Exercise details:
Copy out exactly the stretch of the listing below that begins at the line containing "Hotel Haeuserl Im" and ends at the line containing "Sale - Apartment - Orihuela - Villamartin", and copy nothing outside it.

The data:
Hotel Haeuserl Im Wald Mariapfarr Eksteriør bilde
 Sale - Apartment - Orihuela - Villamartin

--

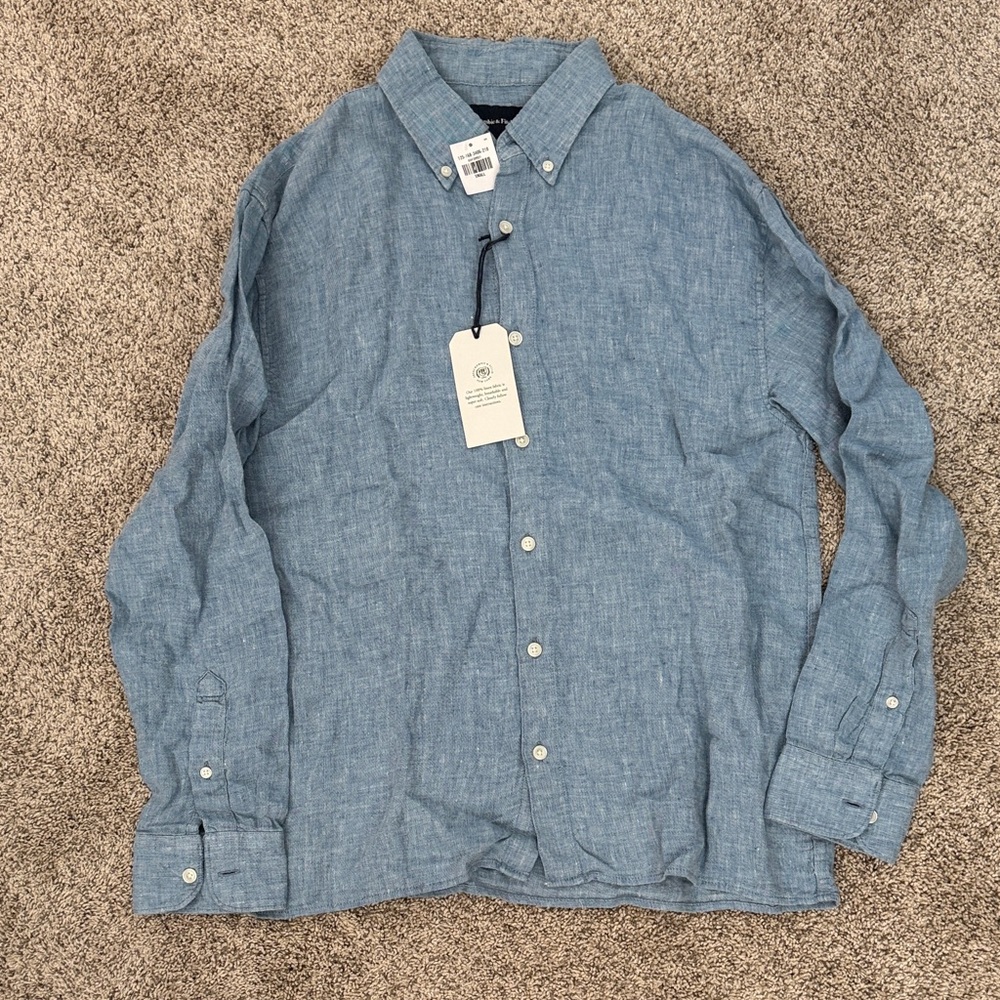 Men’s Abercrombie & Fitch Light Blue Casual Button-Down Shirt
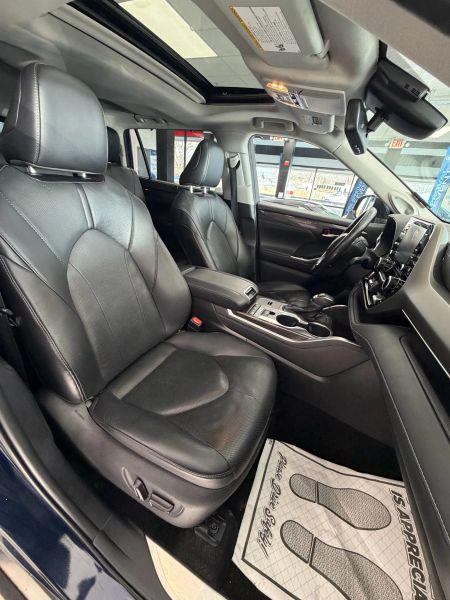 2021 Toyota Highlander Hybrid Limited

Answer for this exercise:
Hotel Haeuserl Im Wald Mariapfarr Eksteriør bilde
 Sale - Apartment - Orihuela - Villamartin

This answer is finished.